Professor Tom Earle, King John II Professor of Portuguese Studies at Oxford, has been made a corresponding fellow of the Academia das Ciências de Lisboa - Classe de Letras, the equivalent of the UK’s British Academy and Royal Society combined.
He has lectured at Oxford for more than 40 years specialising in Portuguese Renaissance literature. The period saw Portuguese adventurers discover Brazil, an eastern route to India and colonise parts of Africa. It was a time when Portuguese prose and poetry developed rapidly.‘
This accolade is a great honour,’ Professor Earle said. ‘As a foreigner I have been received into a body that recognises outstanding achievements by scholars of Portugal in the sciences and arts.’

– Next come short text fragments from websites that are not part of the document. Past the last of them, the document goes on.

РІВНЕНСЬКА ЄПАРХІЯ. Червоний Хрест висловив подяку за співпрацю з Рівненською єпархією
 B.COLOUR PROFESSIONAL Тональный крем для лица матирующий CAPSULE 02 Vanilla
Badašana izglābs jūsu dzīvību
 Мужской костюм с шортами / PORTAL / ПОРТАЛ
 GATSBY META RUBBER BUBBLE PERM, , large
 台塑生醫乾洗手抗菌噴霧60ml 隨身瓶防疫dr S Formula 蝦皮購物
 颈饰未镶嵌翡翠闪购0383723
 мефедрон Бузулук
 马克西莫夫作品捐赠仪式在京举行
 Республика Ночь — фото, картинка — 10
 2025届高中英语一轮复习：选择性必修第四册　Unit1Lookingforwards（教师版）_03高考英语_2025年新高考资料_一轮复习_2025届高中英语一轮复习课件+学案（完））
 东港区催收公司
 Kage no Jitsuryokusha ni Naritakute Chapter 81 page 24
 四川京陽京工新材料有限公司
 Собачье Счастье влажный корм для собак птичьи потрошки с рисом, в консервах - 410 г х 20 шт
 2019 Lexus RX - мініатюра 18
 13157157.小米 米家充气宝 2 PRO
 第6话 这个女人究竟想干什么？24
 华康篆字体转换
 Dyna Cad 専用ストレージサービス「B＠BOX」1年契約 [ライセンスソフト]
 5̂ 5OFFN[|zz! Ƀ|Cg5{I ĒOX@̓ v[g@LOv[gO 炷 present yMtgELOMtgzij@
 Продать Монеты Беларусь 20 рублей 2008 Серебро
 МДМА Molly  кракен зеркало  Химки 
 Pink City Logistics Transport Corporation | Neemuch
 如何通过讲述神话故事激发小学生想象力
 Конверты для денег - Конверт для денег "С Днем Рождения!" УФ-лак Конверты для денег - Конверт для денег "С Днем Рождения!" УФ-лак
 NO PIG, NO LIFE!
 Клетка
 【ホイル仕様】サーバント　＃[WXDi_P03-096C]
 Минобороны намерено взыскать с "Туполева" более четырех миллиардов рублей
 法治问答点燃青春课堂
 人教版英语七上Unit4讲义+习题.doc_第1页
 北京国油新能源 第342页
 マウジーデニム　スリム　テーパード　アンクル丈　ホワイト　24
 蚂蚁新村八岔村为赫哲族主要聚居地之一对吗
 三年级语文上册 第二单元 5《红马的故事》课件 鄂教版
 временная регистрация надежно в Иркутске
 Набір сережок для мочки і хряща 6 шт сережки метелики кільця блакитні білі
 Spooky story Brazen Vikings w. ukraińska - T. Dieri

For two years, Professor Earle was Oxford’s only student of Portuguese. He graduated with a First Class Honours degree in 1967 and within a year was appointed a lecturer, a job he combined with work for his doctorate.
Professor Earle is based in the university’s Faculty of Medieval and Modern Languages and has just completed his tenth book, on Portuguese literature held in university libraries at Oxford and Cambridge. The Renaissance in Portugal roughly spanned the 15th to 17th centuries and he is now researching a set of prose comedies from the period.
His favourite authors include Luís de Camões who is considered to be Portugal’s greatest poet. ‘He is thought of as the Shakespeare of Portugal and deservedly so.
’Relatively little is known of Portuguese literature and to help rectify that, Oxford will host a conference at St John’s College next year on the 16th century European theatre.‘Intellectually, study of the period is extremely rewarding.’ Professor Earle says. ‘Very little is known about Portuguese writing, even among the Portuguese themselves. They have had fewer opportunities for studying their own literature.
’Professor Earle attributes much of his success as a scholar to the support of an associated body, the Camões Institute in Lisbon, which funds language teaching in Oxford and in 2001 established the Instituto Camões Centre for Portuguese Language at the university.
‘One of the special things about Portugal is the amount of money it invests in teaching the language and promoting research by foreigners.
‘Recognition by the academy wouldn’t have happened if I hadn’t been in Oxford, which until now has provided excellent facilities and encouragement for research. I have been able to spend a very long time studying this esoteric subject. It has been a lifetime well spent.’